§ **EXTRACTED DATA**

§ §

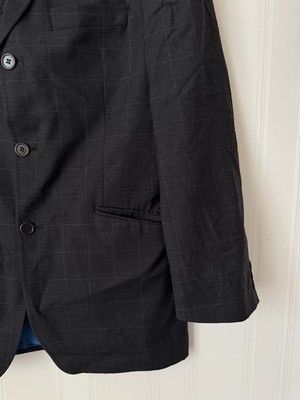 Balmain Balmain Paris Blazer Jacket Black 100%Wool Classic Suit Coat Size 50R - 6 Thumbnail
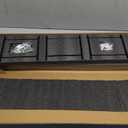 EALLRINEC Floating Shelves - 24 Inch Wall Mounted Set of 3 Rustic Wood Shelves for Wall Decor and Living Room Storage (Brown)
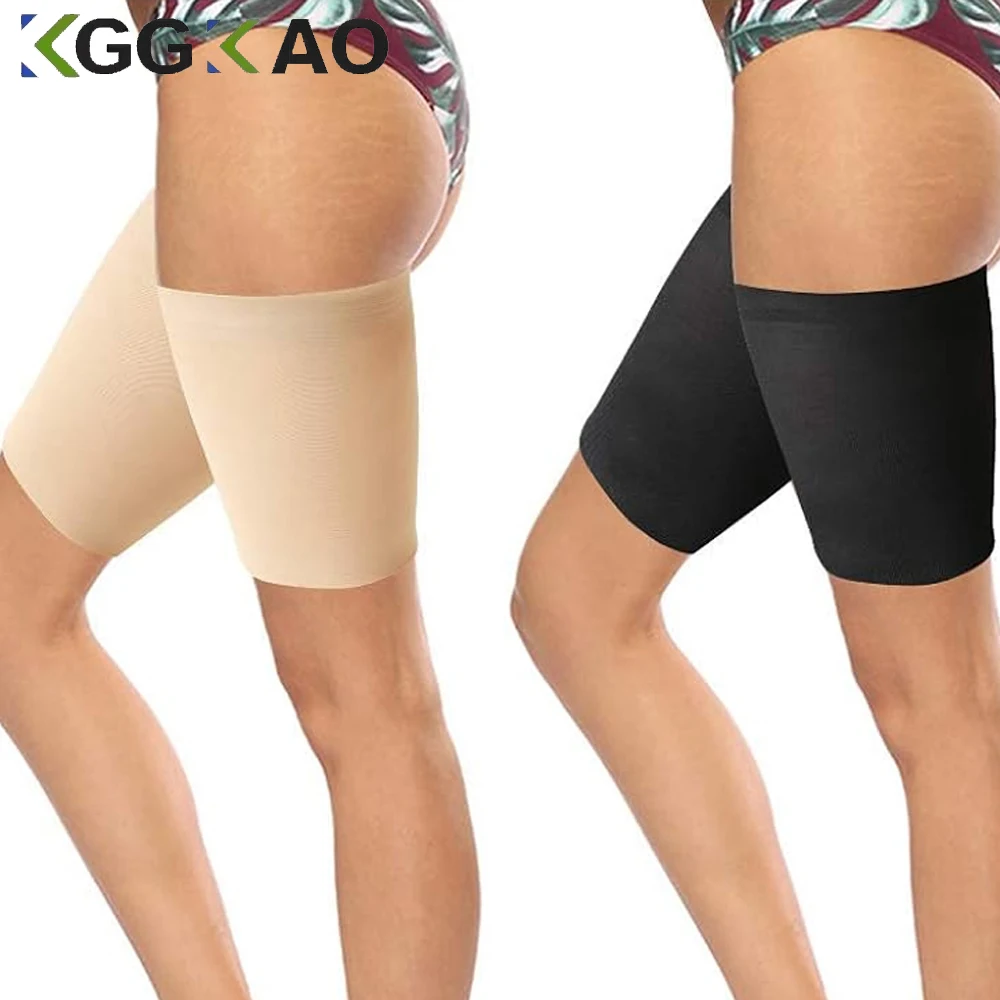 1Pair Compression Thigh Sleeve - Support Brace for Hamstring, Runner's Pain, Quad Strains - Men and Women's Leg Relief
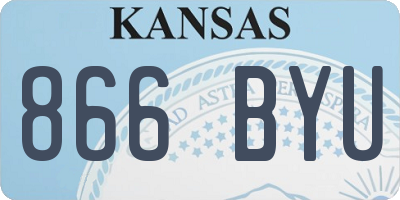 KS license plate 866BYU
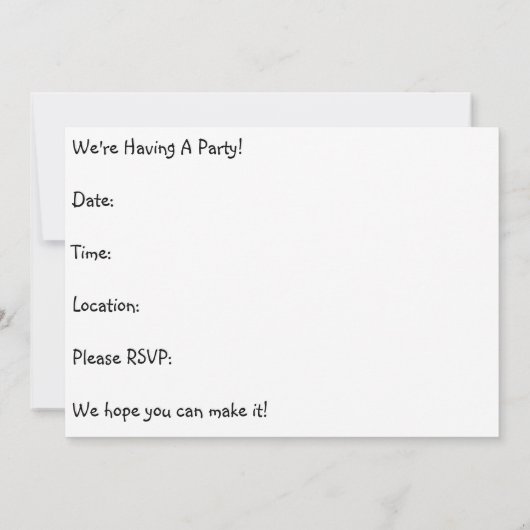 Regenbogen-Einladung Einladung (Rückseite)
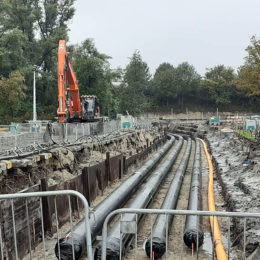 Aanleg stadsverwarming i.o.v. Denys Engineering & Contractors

§ §

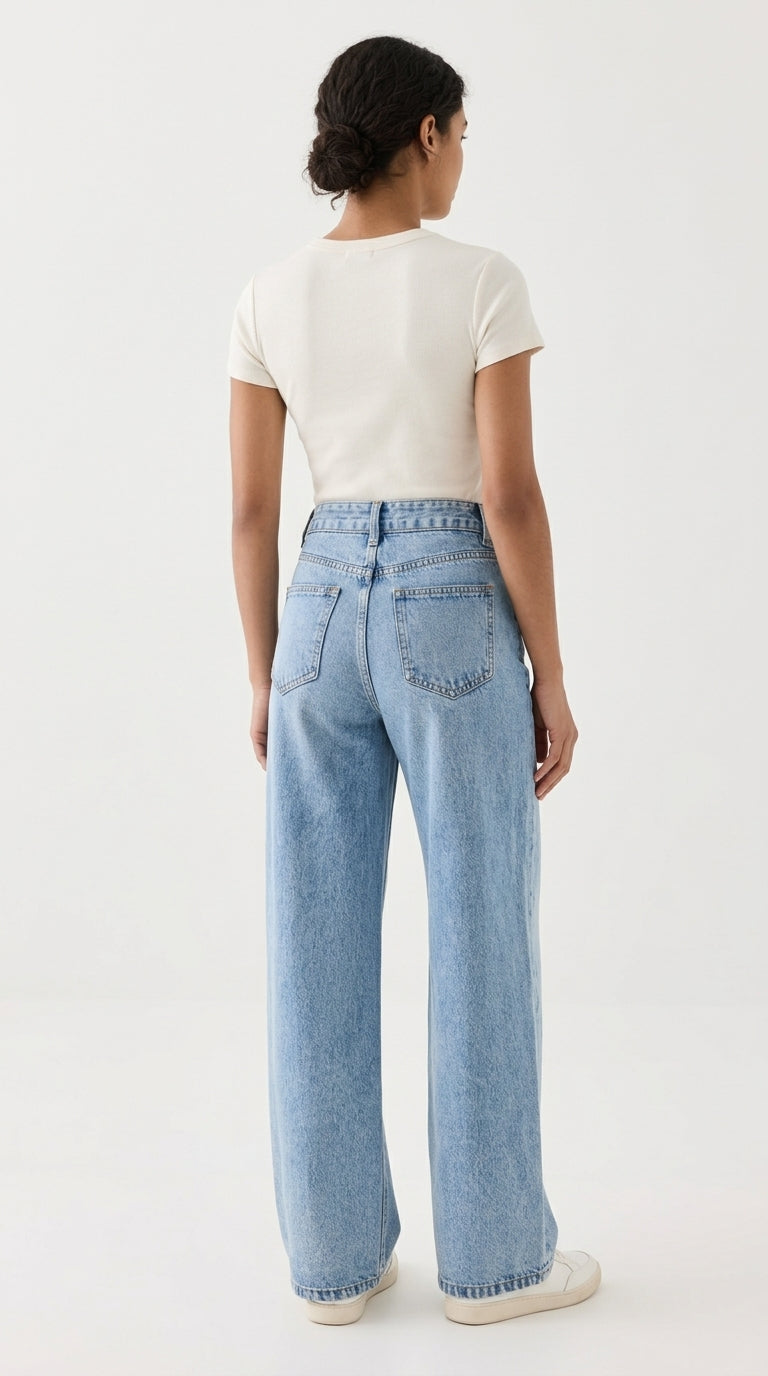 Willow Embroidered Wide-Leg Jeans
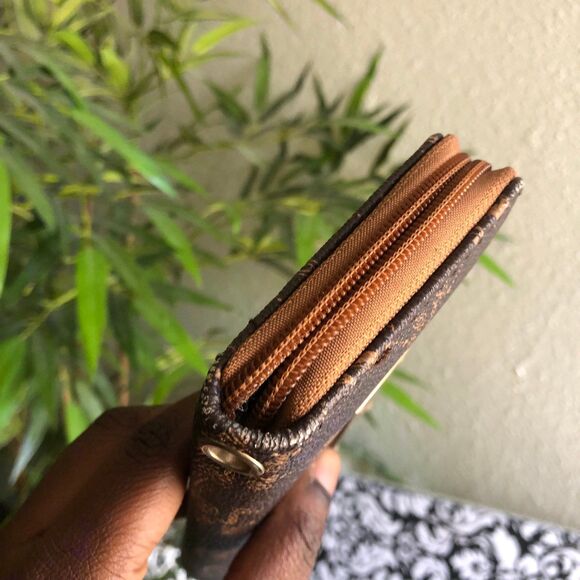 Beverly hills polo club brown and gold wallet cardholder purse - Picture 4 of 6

§ §

§ **WORK TASK**
Look above for the line containing "1Pair Compression Thigh", then write out every line from there down to the line containing "Aanleg stadsverwarming i.o.v.", that line included, with no pictures.

§ **ANSWER SPACE**
 1Pair Compression Thigh Sleeve - Support Brace for Hamstring, Runner's Pain, Quad Strains - Men and Women's Leg Relief
 KS license plate 866BYU
 Regenbogen-Einladung Einladung (Rückseite)
 Aanleg stadsverwarming i.o.v. Denys Engineering & Contractors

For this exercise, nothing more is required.